[Opening SUPPLIED MATERIAL section]

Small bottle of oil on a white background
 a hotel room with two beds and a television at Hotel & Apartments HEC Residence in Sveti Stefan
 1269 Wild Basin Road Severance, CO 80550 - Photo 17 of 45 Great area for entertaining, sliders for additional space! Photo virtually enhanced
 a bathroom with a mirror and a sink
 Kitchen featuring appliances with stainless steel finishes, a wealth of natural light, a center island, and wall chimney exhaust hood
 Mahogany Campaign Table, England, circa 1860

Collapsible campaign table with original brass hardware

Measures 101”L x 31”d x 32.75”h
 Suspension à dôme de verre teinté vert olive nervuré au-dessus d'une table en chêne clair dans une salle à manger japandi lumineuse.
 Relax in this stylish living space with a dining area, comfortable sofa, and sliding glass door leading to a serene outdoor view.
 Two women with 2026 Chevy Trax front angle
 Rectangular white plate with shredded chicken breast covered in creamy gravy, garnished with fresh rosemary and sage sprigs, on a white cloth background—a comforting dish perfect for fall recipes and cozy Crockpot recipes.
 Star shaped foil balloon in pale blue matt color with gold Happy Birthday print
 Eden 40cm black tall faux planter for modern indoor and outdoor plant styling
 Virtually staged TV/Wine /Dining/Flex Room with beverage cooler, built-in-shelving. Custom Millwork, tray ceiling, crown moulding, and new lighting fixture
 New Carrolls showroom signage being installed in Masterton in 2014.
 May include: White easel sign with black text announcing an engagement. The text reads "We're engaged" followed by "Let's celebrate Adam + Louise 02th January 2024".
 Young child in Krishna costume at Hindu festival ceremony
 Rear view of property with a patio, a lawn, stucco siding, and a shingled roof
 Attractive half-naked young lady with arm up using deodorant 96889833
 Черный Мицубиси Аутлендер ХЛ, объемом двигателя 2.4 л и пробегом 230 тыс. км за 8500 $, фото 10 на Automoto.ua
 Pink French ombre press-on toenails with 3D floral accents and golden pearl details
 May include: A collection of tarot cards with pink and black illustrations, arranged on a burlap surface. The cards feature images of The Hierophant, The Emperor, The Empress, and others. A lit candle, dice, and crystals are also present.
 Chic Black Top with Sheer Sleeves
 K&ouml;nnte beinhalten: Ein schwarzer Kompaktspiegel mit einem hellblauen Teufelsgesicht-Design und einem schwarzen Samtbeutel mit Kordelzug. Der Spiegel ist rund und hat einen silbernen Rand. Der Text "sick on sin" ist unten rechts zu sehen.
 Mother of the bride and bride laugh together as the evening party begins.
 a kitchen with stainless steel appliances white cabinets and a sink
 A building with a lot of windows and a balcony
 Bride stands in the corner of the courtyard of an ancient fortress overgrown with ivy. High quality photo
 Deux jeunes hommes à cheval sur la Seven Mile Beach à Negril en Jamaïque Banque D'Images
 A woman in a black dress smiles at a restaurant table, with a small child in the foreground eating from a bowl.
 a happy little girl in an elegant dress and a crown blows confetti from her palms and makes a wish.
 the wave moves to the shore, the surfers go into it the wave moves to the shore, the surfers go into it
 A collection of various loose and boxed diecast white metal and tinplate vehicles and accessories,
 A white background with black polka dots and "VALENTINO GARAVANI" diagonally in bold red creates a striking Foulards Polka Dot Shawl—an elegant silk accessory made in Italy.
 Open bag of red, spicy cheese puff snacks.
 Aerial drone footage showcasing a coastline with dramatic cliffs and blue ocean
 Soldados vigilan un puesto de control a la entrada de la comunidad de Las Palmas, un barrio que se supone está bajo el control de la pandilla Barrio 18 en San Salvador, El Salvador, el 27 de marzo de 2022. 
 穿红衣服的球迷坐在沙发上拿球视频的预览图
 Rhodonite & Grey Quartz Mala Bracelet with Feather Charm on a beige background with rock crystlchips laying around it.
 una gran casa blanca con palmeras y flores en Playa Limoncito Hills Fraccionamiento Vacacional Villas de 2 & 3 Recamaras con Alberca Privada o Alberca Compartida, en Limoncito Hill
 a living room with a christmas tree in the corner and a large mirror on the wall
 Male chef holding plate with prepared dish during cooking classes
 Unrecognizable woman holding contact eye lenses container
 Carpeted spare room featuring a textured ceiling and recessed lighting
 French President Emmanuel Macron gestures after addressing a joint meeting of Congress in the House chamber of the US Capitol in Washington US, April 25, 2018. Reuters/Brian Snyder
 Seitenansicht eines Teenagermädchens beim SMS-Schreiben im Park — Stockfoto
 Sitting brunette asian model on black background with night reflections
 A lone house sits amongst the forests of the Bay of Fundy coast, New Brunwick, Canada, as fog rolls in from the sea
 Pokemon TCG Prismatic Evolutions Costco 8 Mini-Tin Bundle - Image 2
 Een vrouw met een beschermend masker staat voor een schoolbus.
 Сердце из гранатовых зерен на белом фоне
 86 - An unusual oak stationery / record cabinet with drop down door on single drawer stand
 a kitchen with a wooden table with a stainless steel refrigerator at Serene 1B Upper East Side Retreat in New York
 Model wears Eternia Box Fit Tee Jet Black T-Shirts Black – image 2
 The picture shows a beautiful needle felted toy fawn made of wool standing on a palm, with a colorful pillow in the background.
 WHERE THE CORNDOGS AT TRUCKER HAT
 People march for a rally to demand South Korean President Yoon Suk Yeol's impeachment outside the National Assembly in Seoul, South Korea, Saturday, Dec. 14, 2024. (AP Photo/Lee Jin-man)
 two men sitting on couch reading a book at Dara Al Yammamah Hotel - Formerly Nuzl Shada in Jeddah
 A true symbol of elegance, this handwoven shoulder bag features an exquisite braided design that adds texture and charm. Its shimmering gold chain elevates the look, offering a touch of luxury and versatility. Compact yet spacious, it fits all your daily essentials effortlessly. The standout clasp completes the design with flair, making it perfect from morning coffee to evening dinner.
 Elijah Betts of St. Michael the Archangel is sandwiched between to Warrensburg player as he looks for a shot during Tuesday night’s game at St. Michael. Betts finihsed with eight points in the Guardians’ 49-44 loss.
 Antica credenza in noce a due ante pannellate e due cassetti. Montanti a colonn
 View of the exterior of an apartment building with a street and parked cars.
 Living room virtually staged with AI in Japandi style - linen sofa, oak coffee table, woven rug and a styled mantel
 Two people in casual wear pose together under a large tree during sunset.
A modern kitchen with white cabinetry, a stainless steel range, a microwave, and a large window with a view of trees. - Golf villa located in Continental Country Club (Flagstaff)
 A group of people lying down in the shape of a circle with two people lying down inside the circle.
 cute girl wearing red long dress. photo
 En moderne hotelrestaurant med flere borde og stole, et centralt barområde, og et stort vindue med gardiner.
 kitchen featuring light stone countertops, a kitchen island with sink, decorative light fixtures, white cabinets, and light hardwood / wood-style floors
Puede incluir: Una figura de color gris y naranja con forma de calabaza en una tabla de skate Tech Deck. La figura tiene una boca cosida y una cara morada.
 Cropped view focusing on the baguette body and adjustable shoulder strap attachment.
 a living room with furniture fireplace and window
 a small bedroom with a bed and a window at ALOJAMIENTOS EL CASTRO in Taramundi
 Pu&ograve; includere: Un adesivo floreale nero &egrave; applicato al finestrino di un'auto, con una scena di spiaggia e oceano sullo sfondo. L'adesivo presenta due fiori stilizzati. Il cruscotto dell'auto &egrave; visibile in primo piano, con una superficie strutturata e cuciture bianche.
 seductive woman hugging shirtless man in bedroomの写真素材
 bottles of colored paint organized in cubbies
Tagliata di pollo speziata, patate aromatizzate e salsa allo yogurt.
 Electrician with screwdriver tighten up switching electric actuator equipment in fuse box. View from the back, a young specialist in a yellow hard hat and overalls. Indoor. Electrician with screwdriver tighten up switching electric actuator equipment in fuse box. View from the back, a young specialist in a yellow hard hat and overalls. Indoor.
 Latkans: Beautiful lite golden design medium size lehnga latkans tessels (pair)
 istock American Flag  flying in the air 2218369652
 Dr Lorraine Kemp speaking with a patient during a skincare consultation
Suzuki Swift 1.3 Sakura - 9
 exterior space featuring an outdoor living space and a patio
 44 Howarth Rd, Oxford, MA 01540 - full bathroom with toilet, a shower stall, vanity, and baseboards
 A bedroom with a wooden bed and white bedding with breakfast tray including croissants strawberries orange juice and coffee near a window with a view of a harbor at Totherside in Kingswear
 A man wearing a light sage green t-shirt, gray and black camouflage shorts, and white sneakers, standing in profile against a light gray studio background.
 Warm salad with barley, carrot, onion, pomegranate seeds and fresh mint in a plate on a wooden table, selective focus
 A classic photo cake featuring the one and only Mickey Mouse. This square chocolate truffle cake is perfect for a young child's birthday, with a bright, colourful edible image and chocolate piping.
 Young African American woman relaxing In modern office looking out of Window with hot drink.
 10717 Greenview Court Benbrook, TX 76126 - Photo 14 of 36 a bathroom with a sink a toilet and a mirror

[Closing SUPPLIED MATERIAL section]

■ TASK DETAILS: Give again exactly, and only, the lines above starting at the one with "Rectangular white plate" and ending at the one with "New Carrolls showroom".

■ ANSWER TO THIS TASK:
 Rectangular white plate with shredded chicken breast covered in creamy gravy, garnished with fresh rosemary and sage sprigs, on a white cloth background—a comforting dish perfect for fall recipes and cozy Crockpot recipes.
 Star shaped foil balloon in pale blue matt color with gold Happy Birthday print
 Eden 40cm black tall faux planter for modern indoor and outdoor plant styling
 Virtually staged TV/Wine /Dining/Flex Room with beverage cooler, built-in-shelving. Custom Millwork, tray ceiling, crown moulding, and new lighting fixture
 New Carrolls showroom signage being installed in Masterton in 2014.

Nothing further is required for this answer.